Question

How to compare expression in gene list

1

Entering edit mode

8.4 years ago

Lila M ★ 1.3k

Hi everybody, I'm trying to analyze a data set of genes. I have 3 gene list: P1 (n =312), P2 (n =7444) and P3 (n = 553). I compared each gene list with an additional one (Z, n = 9488) in order to know the number of common genes between them, so I created the following table:

#my_data
 overlap_Z non_overlap_Z
P1      51         261
P2     121        6232
P3      89         464

Also, I create another table comparing the overlaps in Z, as follow:

#my_data_Z
                 P1   P2     P3
overlap_Z       164   3030   341
non_overlap_Z   9324  6458   9174

In order to know if there are diferences between the samples, I've carried out a chi.square test in R chisq.test(my_data, correct = FALSE) and chisq.test(my_data_Z, correct = FALSE). In both cases, the p-value < 2.2e-16. So these results are saying to me that the list (P1, P2, and P3) are ratiocinated with Z. Now, I would like to know how is this correlation and which list are more correlated with Z. Which analysis do you recommend to me?

Thanks!

expresion statistic R • 2.3k views

ADD COMMENT • link updated 4.9 years ago by Biostar 20 • written 8.4 years ago by Lila M ★ 1.3k

score 1 · Answer 1 · 2017-03-24

1

Entering edit mode

8.4 years ago

Annika Forsingdal ▴ 250

Since you write "expression in gene list" I'm assuming that you are looking at gene expression data. If that's the case I would correlate fold changes or log2(fold changes) for each of your genes lists (P1-3) with fold changes in Z.

ADD COMMENT • link 8.4 years ago by Annika Forsingdal ▴ 250

0

Entering edit mode

With expression in gene list, I want to say the number of overlapping. If the genes included in any list (P1, P2, P3) has more overlaps in Z, I could say that the gene list P1 are more expressed in Z. I don't have expression data, I have number of genes (or frequencies)

ADD REPLY • link 8.4 years ago by Lila M ★ 1.3k

score 1 · Answer 2 · 2017-03-24

1) The use of chi-square test is absolutely unwarranted here. Chi-square test is done to know if categorical variables are independent. The key words are 'category' and 'independence'. Category means that there is a large population, and then there are different categories to subdivide the population. Check this example from http://stattrek.com/chi-square-test/independence.aspx?Tutorial=AP

In an election survey, voters might be classified by gender (male or female) and voting preference (Democrat, Republican, or Independent). We could use a chi-square test for independence to determine whether gender is related to voting preference.

As you can see, you can divide the total population in different categories (M/F and D/R/I). And what you interested in knowing is if those categories are independent (P<0.05) or are associated. Check the above URL again to know how the hypothesis testing (Ho and Ha) is done in case of chi-square.

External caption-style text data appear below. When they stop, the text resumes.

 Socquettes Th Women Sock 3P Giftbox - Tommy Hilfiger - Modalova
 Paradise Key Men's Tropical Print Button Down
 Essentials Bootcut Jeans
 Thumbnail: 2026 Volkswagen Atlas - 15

Now coming to your case: Your P1, P2 and P3 data are independent sets and they do not form a partition of your sample space. What I mean is that you don't have a unique big population, out of which P1, P2 and P3 -- 3 different categories of data is drawn. In fact, the way you have posed the problem, I would assume that P1, P2 and P3 are independent. There is no point in further checking their Independence thru chi-square (even if it were right!)

2)

Now, I would like to know how is this correlation and which list are more correlated with Z. Which analysis do you recommend to me?

I am unable to understand your need. First you wanted to check for independence and then a correlation -- these are mutually exclusive things! Also note that correlation means that you have many data of one kind (say x) and many data of other kind (say y), and you would like to know if there is a pattern in the data - means if one of them could be predicted from other. Think of it like this: if you plot all the x-y pairs, do you see a visual pattern on the graph (like increasing x increases/decreases y). Now coming to your data: you have just 2 (or 6 lets say, but then they are already independent P1, P2 and P3) numbers (=number of intersection gene with Z) - measuring different things. These 2 numbers will just form a point in the graph, that I told earlier -- there is no correlation you can draw from just only a single point in the graph.

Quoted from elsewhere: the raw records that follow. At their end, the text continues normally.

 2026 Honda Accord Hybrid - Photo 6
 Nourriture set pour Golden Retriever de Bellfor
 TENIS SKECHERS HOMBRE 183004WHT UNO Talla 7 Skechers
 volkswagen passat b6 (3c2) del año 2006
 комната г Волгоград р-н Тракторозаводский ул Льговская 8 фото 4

Ok, let me guess: you are trying to give a p-value to the proportion of common genes matching with Z. I'm afraid that it is not possible. P-values are used for distributions (means a large number of objects), not for numbers. HTH! I'm running out of time :)

score 1 · Answer 3 · 2017-03-24

This is a question which can be answered using frequency based statistics, such as conditional probability, joint probability, etc. somewhat like what Venn diagrams demonstrate. There are ways to approach this, but takes a lot of explaining to you on how to do it; like the length of the previous answer on basic statistics. Basically, I think you want to test the effect of modification, estimate/calculate the common odds ratio and then test this ratio. Look up the Mantel-Haenszel Method, and see if it applies to you. From here you can bootstrap and do Fishers exact test, but again this may be beyond your question.